**PROBLEM DESCRIPTION**: With pictures left out, please repeat word for word the lines from the one containing "CLASSIC TIMELESS BEAUTY" through the end of the records.

**EXERCISE INPUT**:
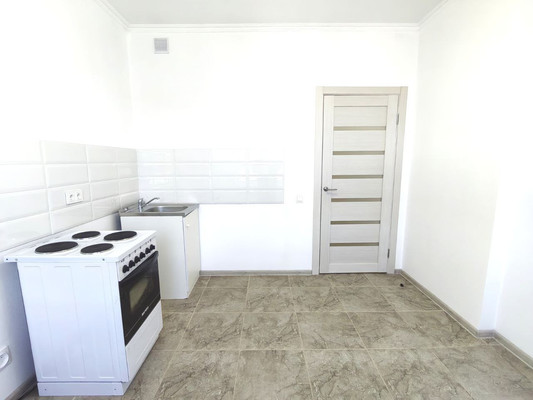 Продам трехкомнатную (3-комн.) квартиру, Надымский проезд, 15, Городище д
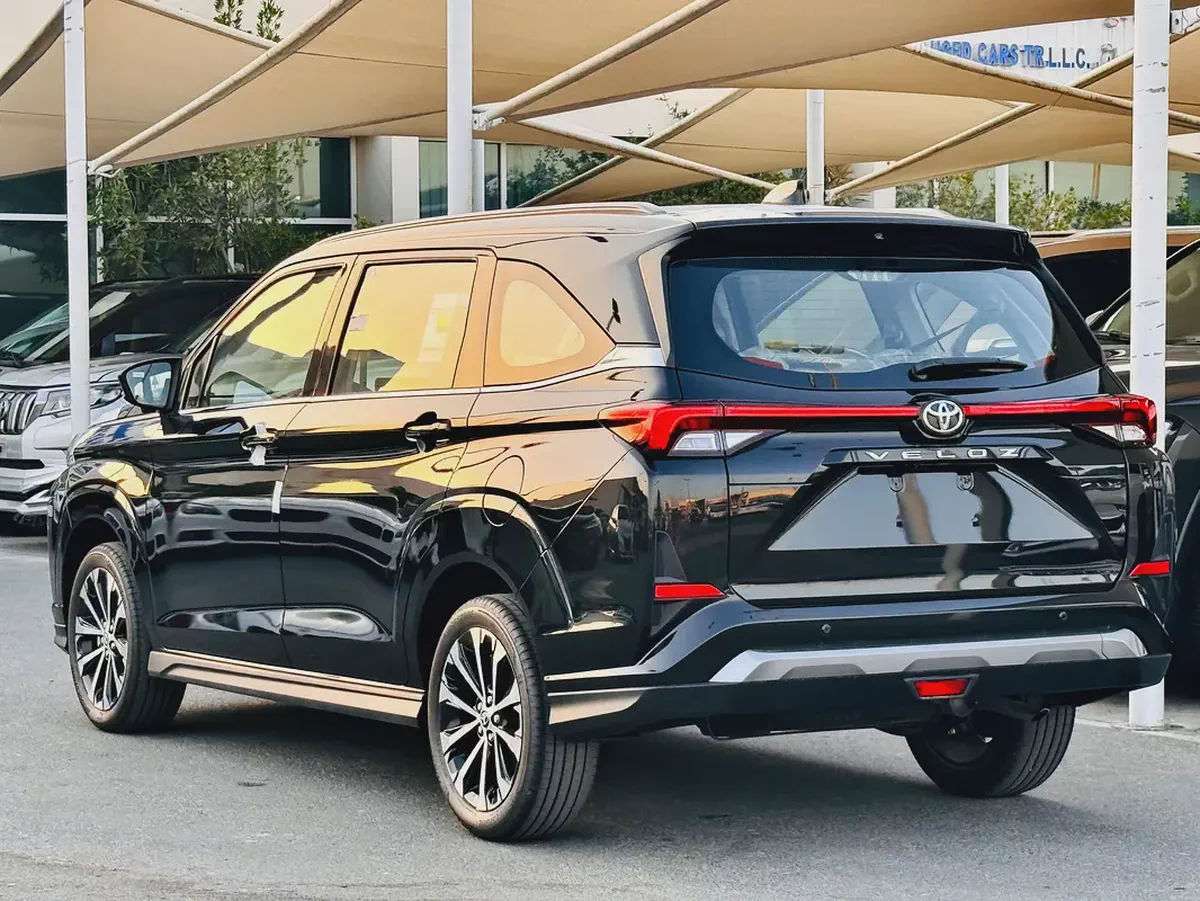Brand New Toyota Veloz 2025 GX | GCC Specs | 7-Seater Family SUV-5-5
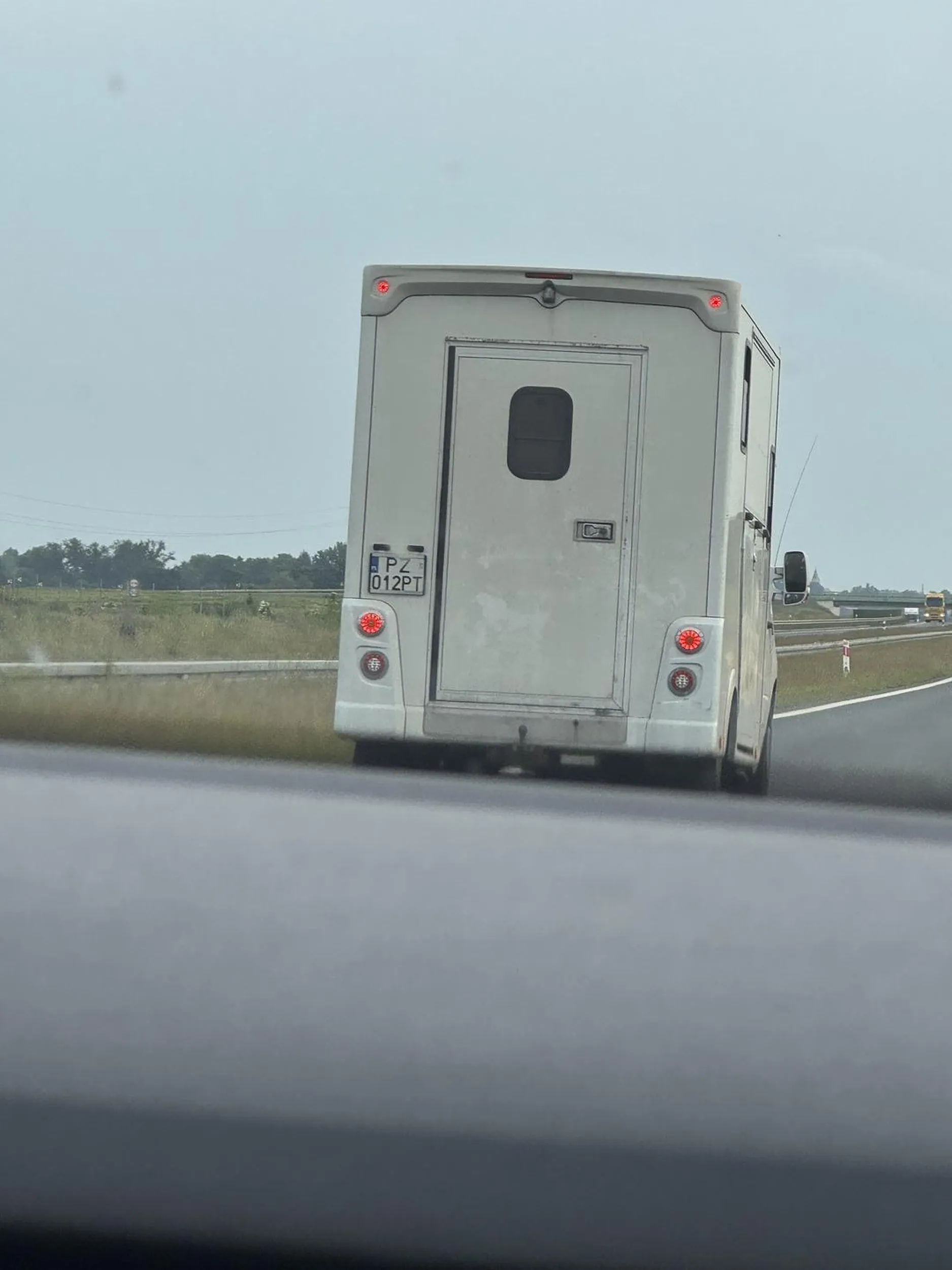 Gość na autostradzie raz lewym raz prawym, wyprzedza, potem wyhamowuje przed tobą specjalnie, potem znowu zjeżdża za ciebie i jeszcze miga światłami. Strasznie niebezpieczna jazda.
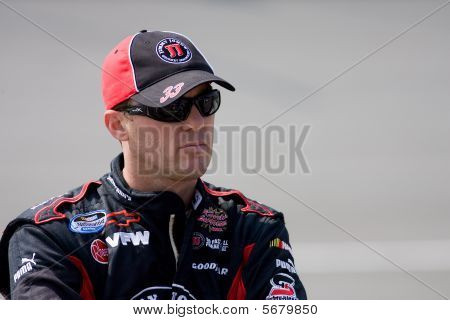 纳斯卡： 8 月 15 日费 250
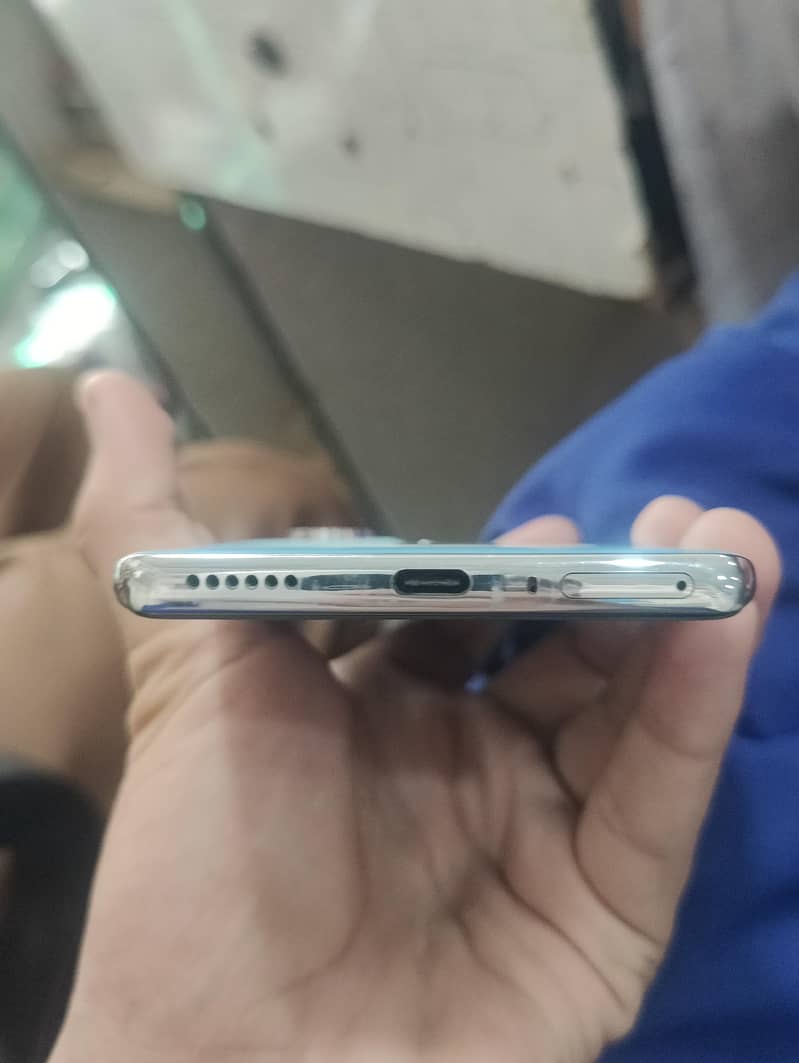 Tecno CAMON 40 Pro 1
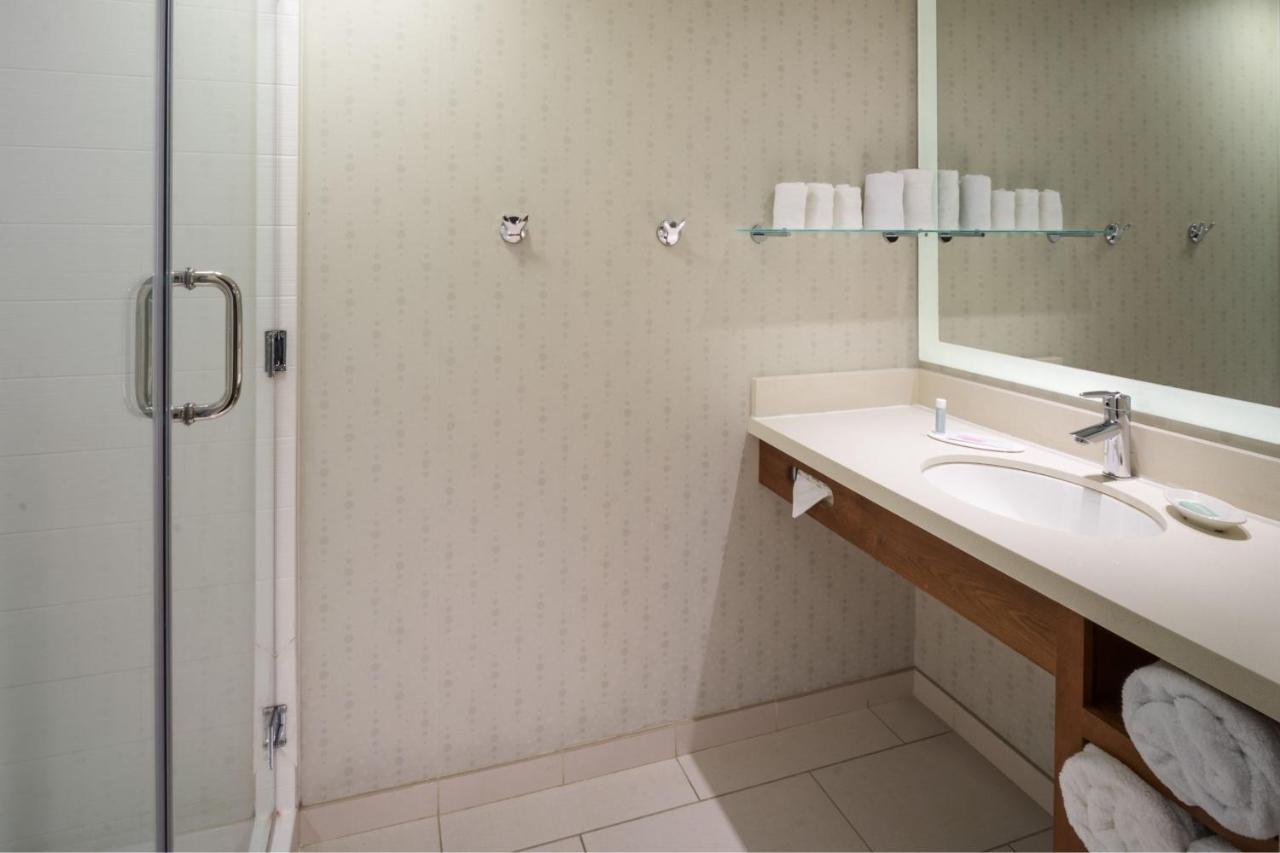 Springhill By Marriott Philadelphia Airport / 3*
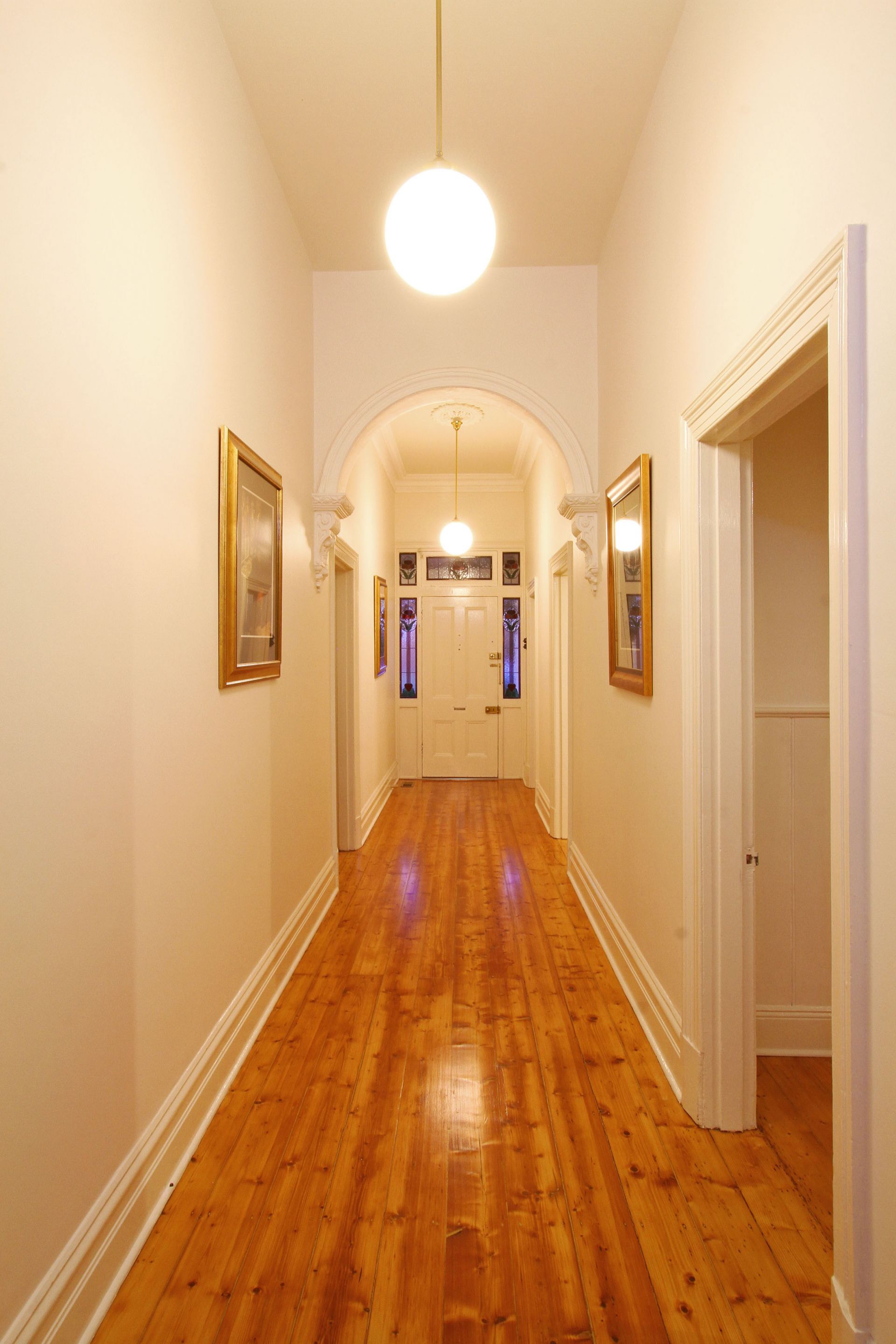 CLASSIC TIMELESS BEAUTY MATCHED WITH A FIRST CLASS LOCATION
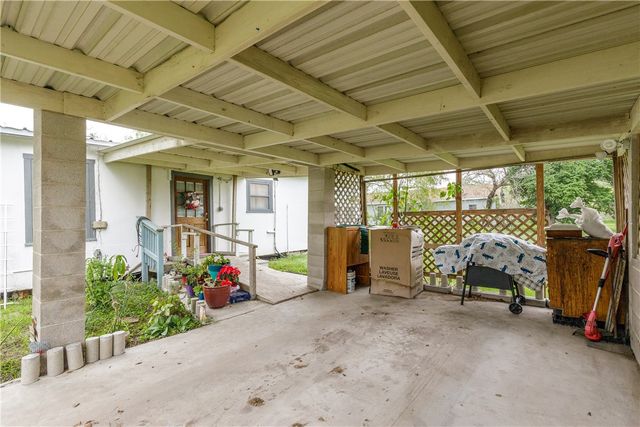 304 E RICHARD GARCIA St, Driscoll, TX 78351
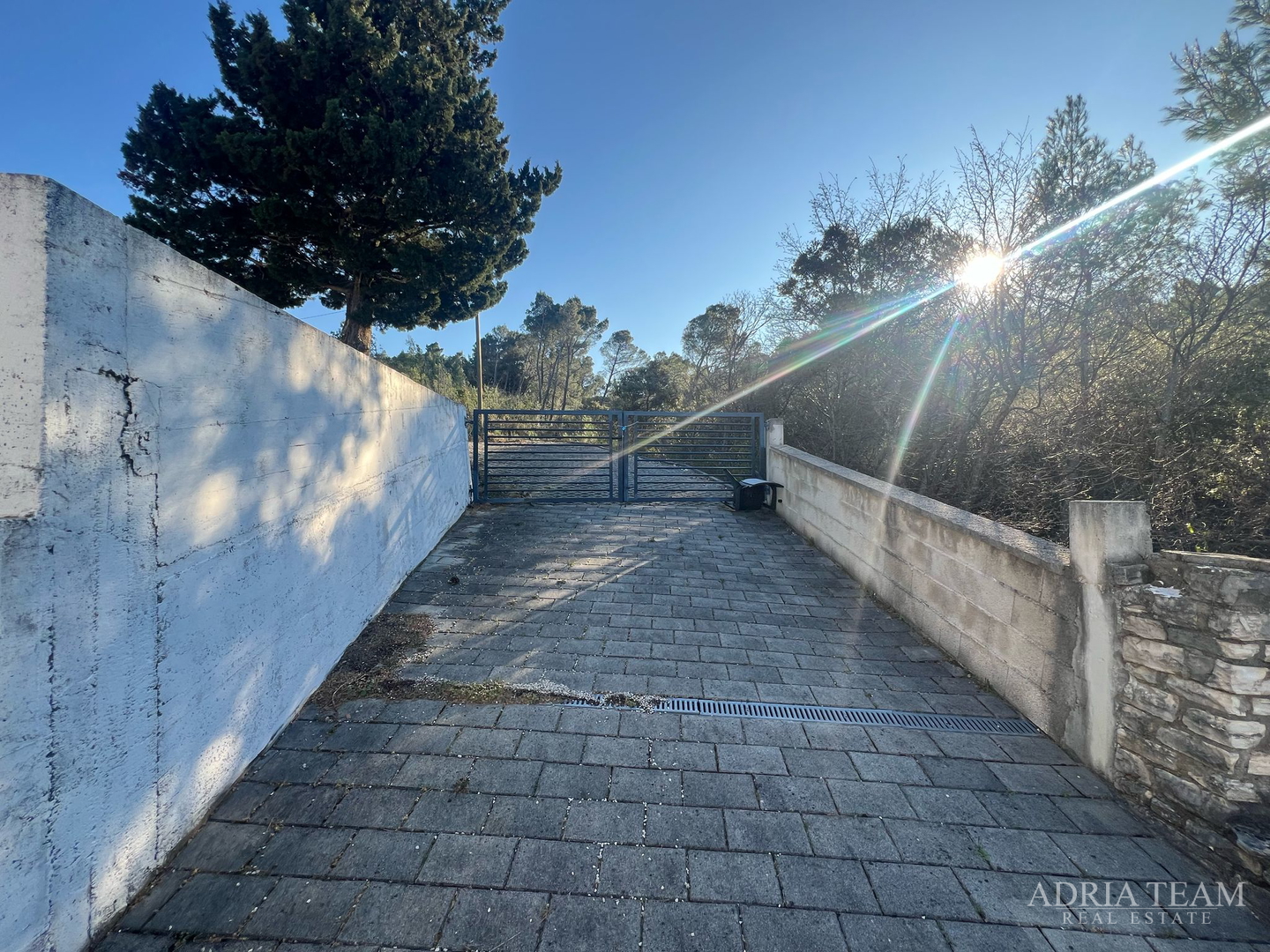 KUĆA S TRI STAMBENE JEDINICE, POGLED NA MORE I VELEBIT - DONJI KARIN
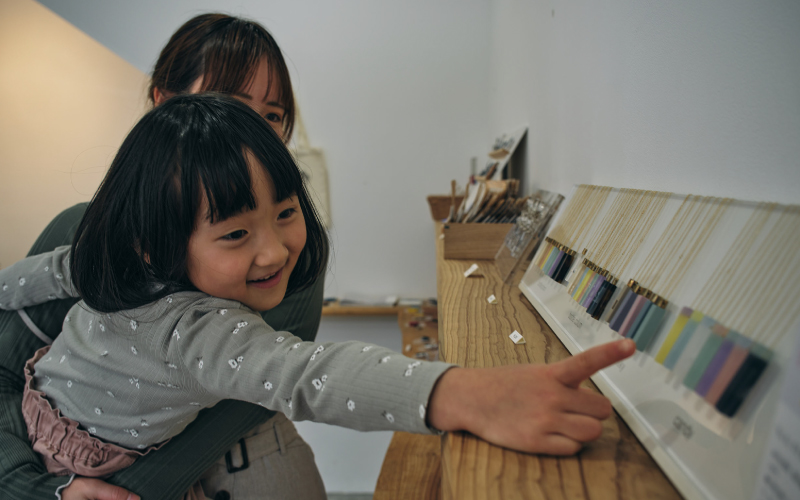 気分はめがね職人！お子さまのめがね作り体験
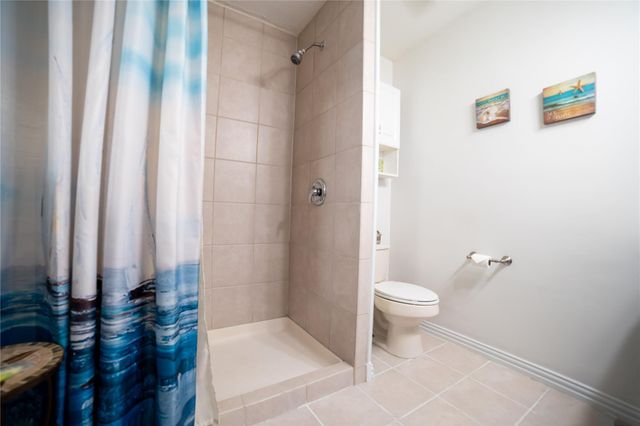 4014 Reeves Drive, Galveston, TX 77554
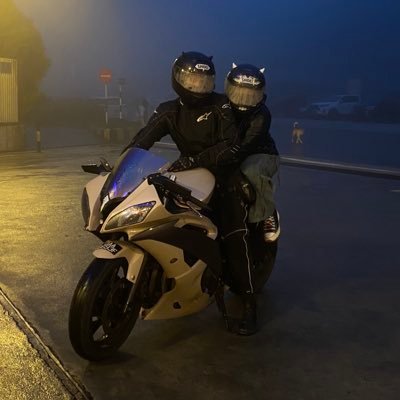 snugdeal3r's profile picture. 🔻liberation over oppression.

**EXERCISE ANSWER**:
 CLASSIC TIMELESS BEAUTY MATCHED WITH A FIRST CLASS LOCATION
 304 E RICHARD GARCIA St, Driscoll, TX 78351
 KUĆA S TRI STAMBENE JEDINICE, POGLED NA MORE I VELEBIT - DONJI KARIN
 気分はめがね職人！お子さまのめがね作り体験
 4014 Reeves Drive, Galveston, TX 77554
 snugdeal3r's profile picture. 🔻liberation over oppression.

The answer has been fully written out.